My Favorite Song ~異世界で伝説のセイレーンになりました!?~ 4
「でも、本当に大丈夫なのかな」
「ん?」
私の小さな呟きに応えてくれたのはセリーンだった。私は後ろを振り向き言う。
「あの人たち、また襲ってこないかなって。向こうも空飛べてたし、待ち伏せされてたりとか」
あの人たちとは、先日撃退したルルデュールたち暗殺者のことだ。
先日のあの戦いで本当に諦めてくれたのだろうか。
アルさんは大丈夫だと言っていたけれど、本当にこのまま何事もなく王子たちを送り届けられるのか、やはり不安だった。
「奴らはビアンカの存在を知らない。もし休みなく術で城に向かっていたとしてもおそらくはこちらの方が早いはずだ」
「そうそう。ま、もし別の術士がいたとしてもまた俺たちが追っ払ってやるし、大丈夫大丈夫!」
アルさんも、もう何度目かそう笑顔で答えてくれたけれどやはり安心出来なくて。
「それに、本当にお城に着いたら安全なんでしょうか」
これは王子たちには絶対に聞こえないように小声で。
「うーん、そればっかりはなんとも言えねぇけど、俺たちもそこまでは踏み込めねぇしなぁ」
アルさんが苦笑しながら、同じく小声で言った。
「そうですよね……」
アルさんとラグが頼まれたのはあくまでもその隠し通路に着くまでの護衛だ。それ以降はいくら私たちが心配しても仕方がない。
それに私たちには私たちの目的がある。ずっと王子のそばにいるわけには行かないのだ。
このまま何事もなくその場所に着けたら、そこで王子たちとはお別れになる。

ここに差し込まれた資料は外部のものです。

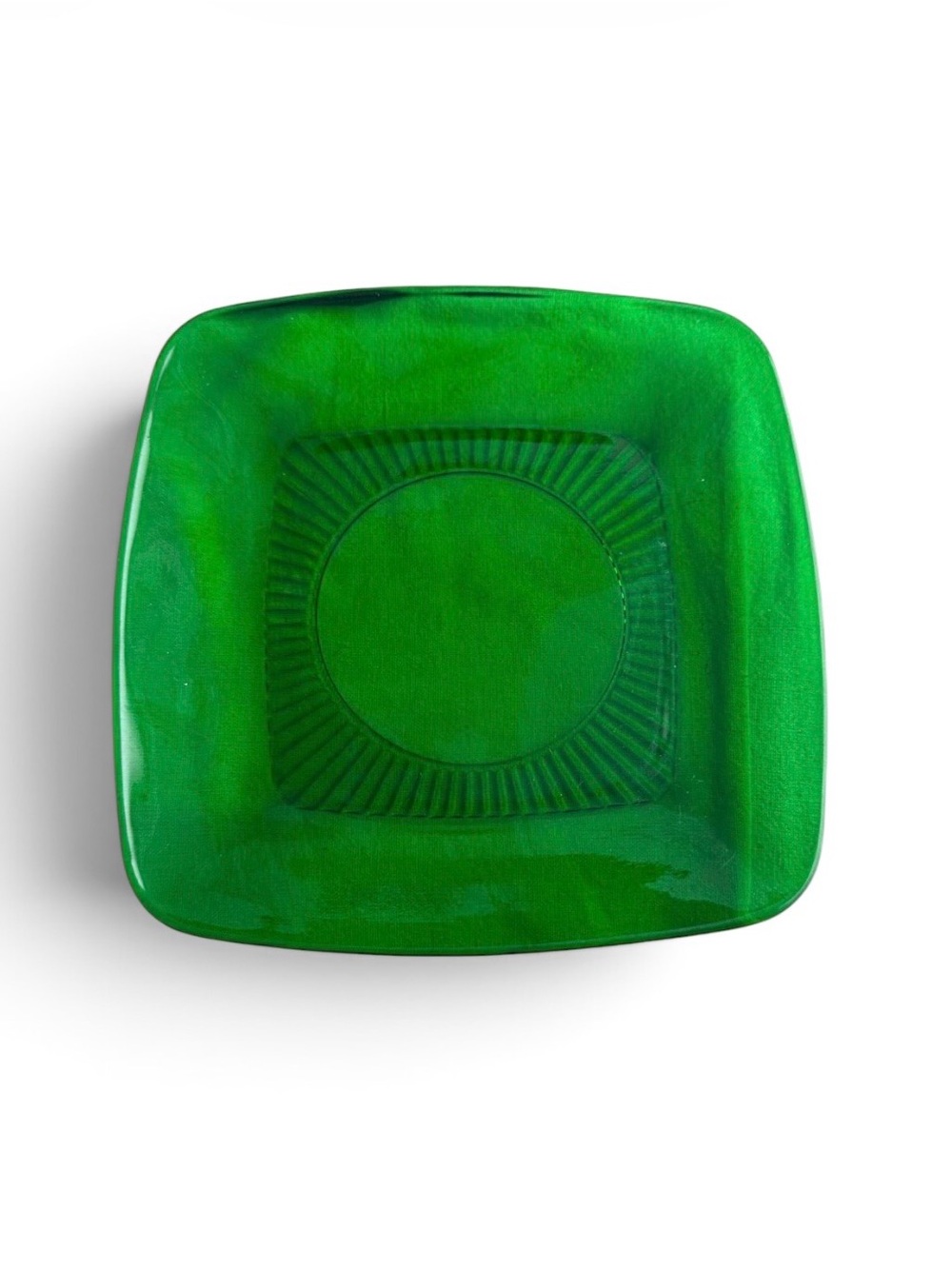 Vintage~1950s~Anchor Hocking~Forest Green~Square~Glass~Lucheon or Salad Plate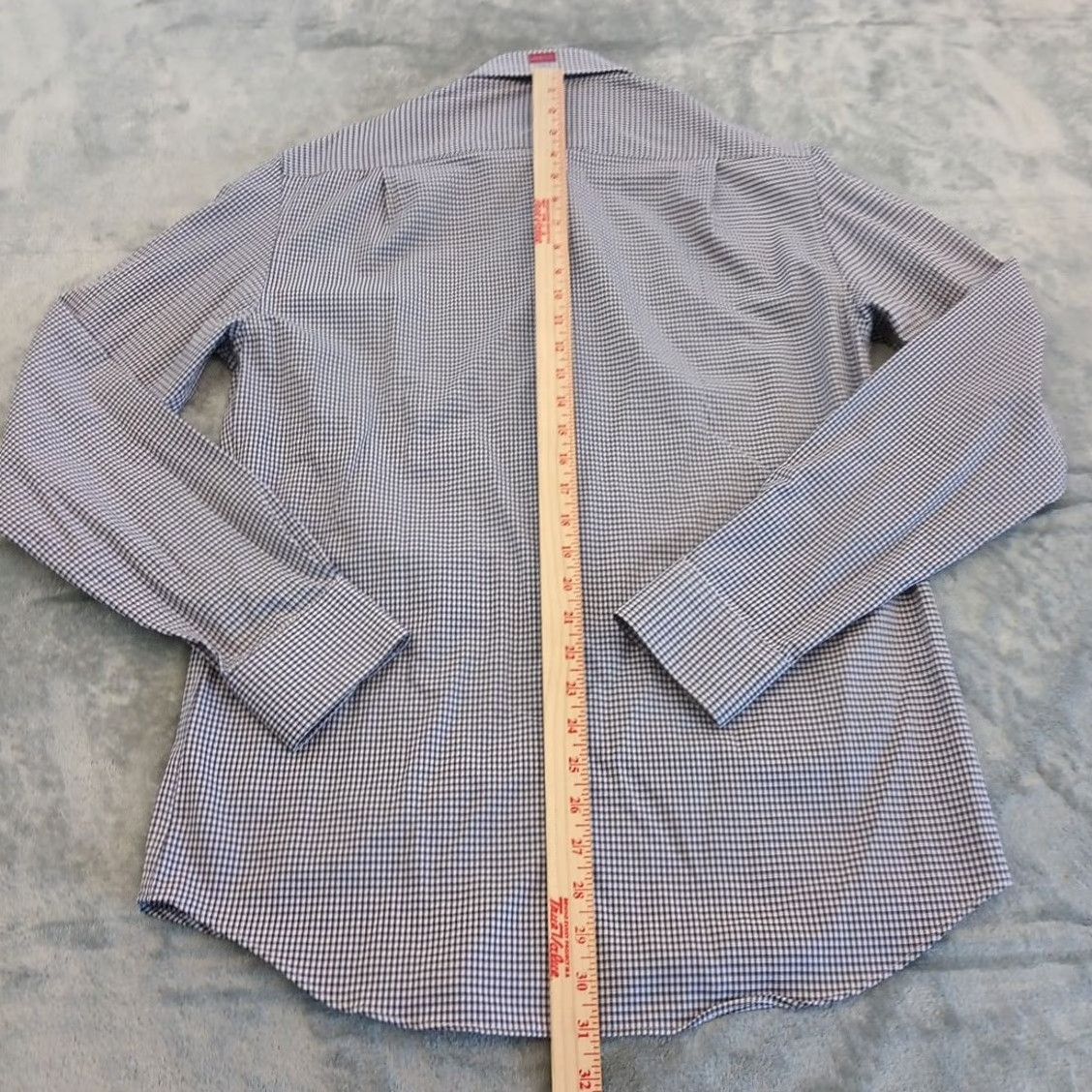 Kenneth Cole Kenneth Cole Awareness Shirt Mens 15.5 Slim Gray Plaid Long Sleeve Button Up Size US L / EU 52-54 / 3 - 5 Thumbnail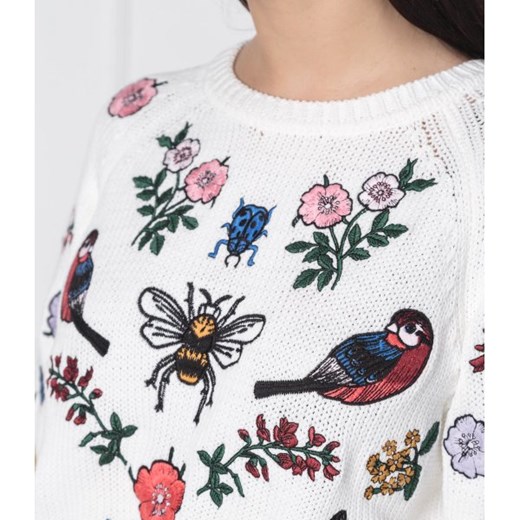 Sweter damski Max & Co. w kwiaty z okrągłym dekoltem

そして――。
ふと自分の手元、ビアンカの背中に視線を落とす。
(ビアンカとも、そこでお別れなんだよね)
掴んでいた硬い鱗を優しく撫でる。
彼女がいなかったら、こんなに早く世界を移動できなかった。
本当に感謝していた。ビアンカと、そしてライゼちゃんに。
(きっとビアンカも早く帰りたいよね、自分の国に)
色々と心配してもきりがない。
私はあと少しの時間、彼女との空の旅を堪能しようと思った。